2 August

Essay: Expecting Nothing: The Art Of Giving, The Want Of Grace

by Jon Katz
Expecting Nothing: The Art Of Doing Nothing

One of my long and faithful readers was upset the other day when I rushed to the defense of Maria and her Flying Vulva potholders. I was also called to defend myself, for writing about them.

I somewhat playfully suggested that some of Maria’s critics were stuffpots and prudes, a sincere statement of truth in my mind.

In my world, and by social media standards,, that’s pretty lame stuff, but some people got huffy and Hazel and others were upset. They thought I shouldn’t be responding to people who called me  and Maria disgusting and gross and immoral.
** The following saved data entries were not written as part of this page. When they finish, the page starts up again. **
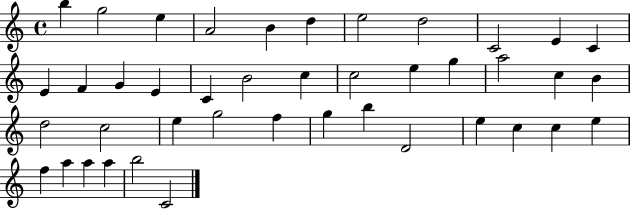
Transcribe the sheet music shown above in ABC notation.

X:1
T:Untitled
M:4/4
L:1/4
K:C
b g2 e A2 B d e2 d2 C2 E C E F G E C B2 c c2 e g a2 c B d2 c2 e g2 f g b D2 e c c e f a a a b2 C2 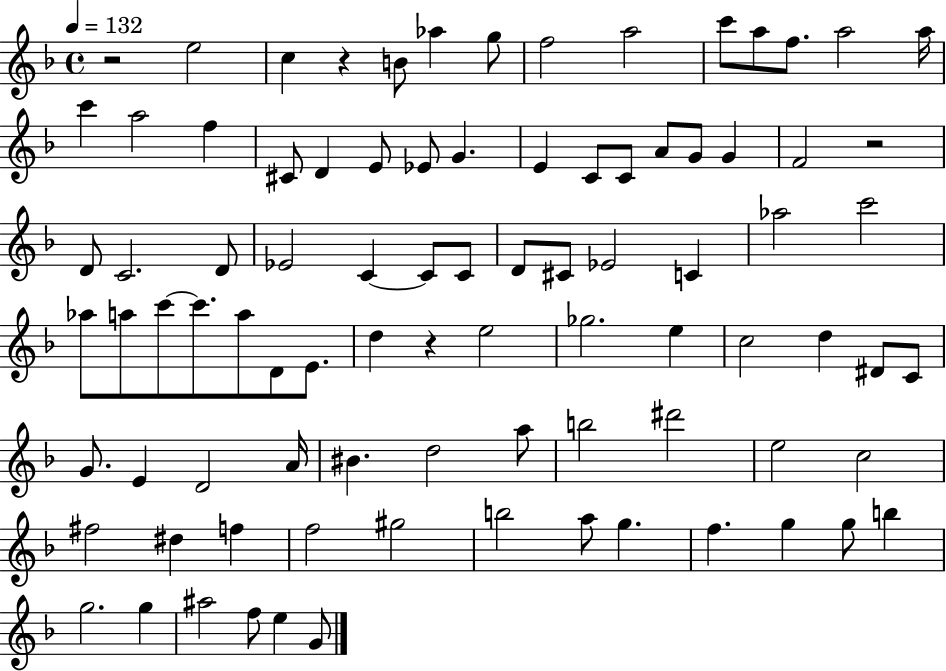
{
  \clef treble
  \time 4/4
  \defaultTimeSignature
  \key f \major
  \tempo 4 = 132
  \repeat volta 2 { r2 e''2 | c''4 r4 b'8 aes''4 g''8 | f''2 a''2 | c'''8 a''8 f''8. a''2 a''16 | \break c'''4 a''2 f''4 | cis'8 d'4 e'8 ees'8 g'4. | e'4 c'8 c'8 a'8 g'8 g'4 | f'2 r2 | \break d'8 c'2. d'8 | ees'2 c'4~~ c'8 c'8 | d'8 cis'8 ees'2 c'4 | aes''2 c'''2 | \break aes''8 a''8 c'''8~~ c'''8. a''8 d'8 e'8. | d''4 r4 e''2 | ges''2. e''4 | c''2 d''4 dis'8 c'8 | \break g'8. e'4 d'2 a'16 | bis'4. d''2 a''8 | b''2 dis'''2 | e''2 c''2 | \break fis''2 dis''4 f''4 | f''2 gis''2 | b''2 a''8 g''4. | f''4. g''4 g''8 b''4 | \break g''2. g''4 | ais''2 f''8 e''4 g'8 | } \bar "|."
} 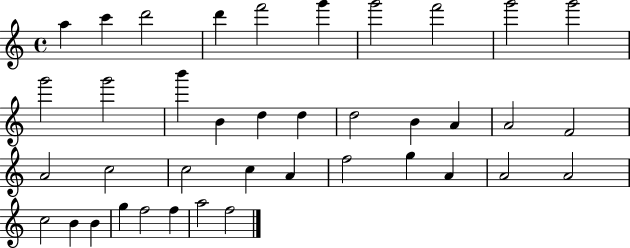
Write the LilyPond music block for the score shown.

{
  \clef treble
  \time 4/4
  \defaultTimeSignature
  \key c \major
  a''4 c'''4 d'''2 | d'''4 f'''2 g'''4 | g'''2 f'''2 | g'''2 g'''2 | \break g'''2 g'''2 | b'''4 b'4 d''4 d''4 | d''2 b'4 a'4 | a'2 f'2 | \break a'2 c''2 | c''2 c''4 a'4 | f''2 g''4 a'4 | a'2 a'2 | \break c''2 b'4 b'4 | g''4 f''2 f''4 | a''2 f''2 | \bar "|."
} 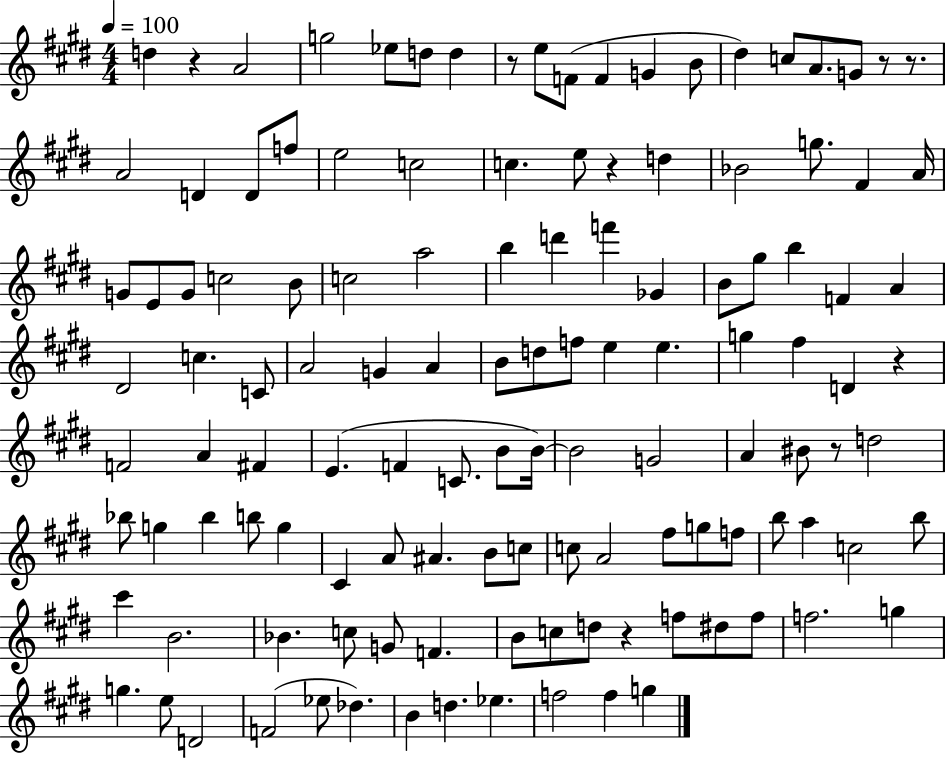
{
  \clef treble
  \numericTimeSignature
  \time 4/4
  \key e \major
  \tempo 4 = 100
  d''4 r4 a'2 | g''2 ees''8 d''8 d''4 | r8 e''8 f'8( f'4 g'4 b'8 | dis''4) c''8 a'8. g'8 r8 r8. | \break a'2 d'4 d'8 f''8 | e''2 c''2 | c''4. e''8 r4 d''4 | bes'2 g''8. fis'4 a'16 | \break g'8 e'8 g'8 c''2 b'8 | c''2 a''2 | b''4 d'''4 f'''4 ges'4 | b'8 gis''8 b''4 f'4 a'4 | \break dis'2 c''4. c'8 | a'2 g'4 a'4 | b'8 d''8 f''8 e''4 e''4. | g''4 fis''4 d'4 r4 | \break f'2 a'4 fis'4 | e'4.( f'4 c'8. b'8 b'16~~) | b'2 g'2 | a'4 bis'8 r8 d''2 | \break bes''8 g''4 bes''4 b''8 g''4 | cis'4 a'8 ais'4. b'8 c''8 | c''8 a'2 fis''8 g''8 f''8 | b''8 a''4 c''2 b''8 | \break cis'''4 b'2. | bes'4. c''8 g'8 f'4. | b'8 c''8 d''8 r4 f''8 dis''8 f''8 | f''2. g''4 | \break g''4. e''8 d'2 | f'2( ees''8 des''4.) | b'4 d''4. ees''4. | f''2 f''4 g''4 | \break \bar "|."
}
One woman said that as a Christian, she could no longer read my blog at all she thought it was about farms and animals.

“Maria’s art comes from a bold and creative place and that’s wonderful,” said Hazel. “What upsets me is your judgmental name calling of those readers who may have different values or upbringing or yes, hang-ups, or who may have religious reasons for being shocked. You write that you are trying to do good and be kind but it seems to me that your words are not kind and may hurt. Maybe just ignore them, let it go, and just celebrate Maria’s imagination.”

I appreciate Hazel’s thoughts, well and carefully expressed, but anyone who thinks I won’t support Maria or won’t defend her are getting some of that new legal marijuana and ingesting it.

I very much celebrate her art and imagination, especially in the face people who label it disgusting or an offense to Christianity.

They would not have liked Jesus, who really went after religious authority, and not with potholders.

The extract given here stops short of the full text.